DATASET CONTENT:

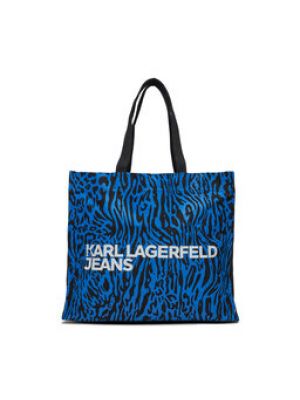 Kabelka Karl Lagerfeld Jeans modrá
==
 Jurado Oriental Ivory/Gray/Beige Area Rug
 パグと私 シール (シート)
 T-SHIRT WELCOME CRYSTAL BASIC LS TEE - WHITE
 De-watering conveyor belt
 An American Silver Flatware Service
...
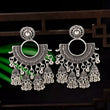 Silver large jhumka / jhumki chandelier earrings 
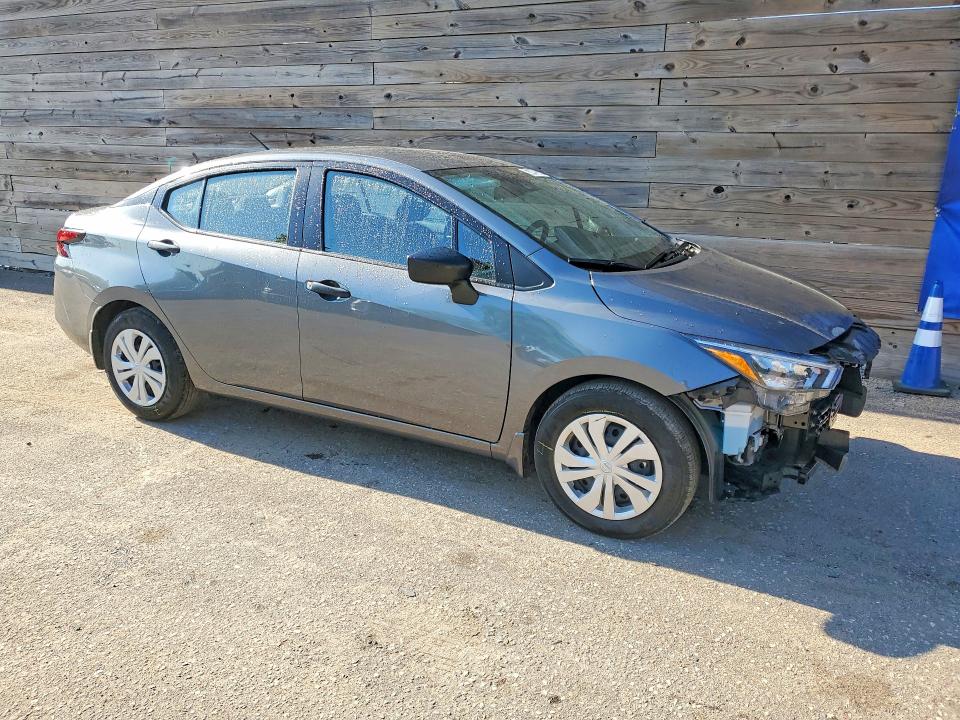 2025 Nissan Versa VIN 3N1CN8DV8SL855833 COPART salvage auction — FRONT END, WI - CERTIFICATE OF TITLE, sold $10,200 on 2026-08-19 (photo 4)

EXERCISE DESCRIPTION:
The line above containing "パグと私 シール (シート)", the line containing "An American Silver Flatware Service", and every line between them are to be transcribed exactly; no other line is wanted.

YOUR RESPONSE:
 パグと私 シール (シート)
 T-SHIRT WELCOME CRYSTAL BASIC LS TEE - WHITE
 De-watering conveyor belt
 An American Silver Flatware Service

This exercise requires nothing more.